“Young Flesh (Mlady Maso)”: Czech Students Bare It All

Mlady Maso at the Golden Ring House in the Ungelt, Prague 3.7 – 22.9. 2002

Over the last decade Czech art institutions seem to have developed a pre-occupation with discovering emerging Czech artists’ work. In an attempt to both escape the past and catch up with the rest of the Western art world, curators desperately seek out the latest of what the very youngest generation has to offer.

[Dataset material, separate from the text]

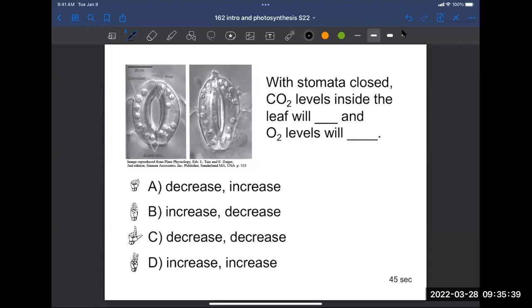This question is now active — you can answer on Learning Catalytics. This is good practice for everyone. The question is: how are the conditions inside the air space going to change if the stomata are closed?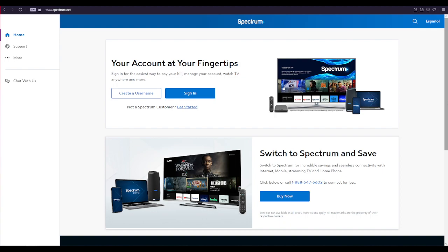First of all, open up a web browser of your choice and type in www.spectrum.net and press enter on your keyboard.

This consistent curatorial tactic apparently tries to convey that these mobile phone wielding, new-world-order, frustrated youths are somehow miraculously untouched by the former political system, and are in fact representatives of what now is “real” Czech art. Immediately after the recent Biennale of Young Czech Art, comes a summer exhibition of student work appropriately titled Young Flesh. A selection of twenty-four soon to be artists from five different art schools around the Czech Republic authoritatively exhibited in one of the most respected institutions in Prague (The City Gallery) ostensibly encompasses the budding future of the local art scene.

The Golden Ring House (one of five of the City Gallery Prague spaces) is the ironic location for Young Flesh. This specific space has set new standards in the city by holding exhibitions by international artists such as Andres Serrano, and used to contain one of the best collections of Czech art of the Nineties. Therefore viewers have come to expect a certain standard of work exhibited here.

It is also located just off the Old Town Square, one of the most frequented tourist spots in the city. The idea then follows that this “fresh” new work from a group of students must be so innovative that it demands to be plucked out of the studios and placed into such an exhibition hall.

The accompanying banners and posters surrounding the entire area also imply it is something that cannot simply be passed by. This kind of opportunity for students is rare in the art world, supporting the hype to an even greater extent. Yet, as generally holds true with spectacle, the reality rarely lives up to the expectation.

Wandering along the Golden Ring House corridors begins to feel no different than wandering around any art school studios. With unnecessarily messy installation work, technical insufficiency, naive idealism, and gratuitous bloated egotism, viewers find themselves falling into disappointment.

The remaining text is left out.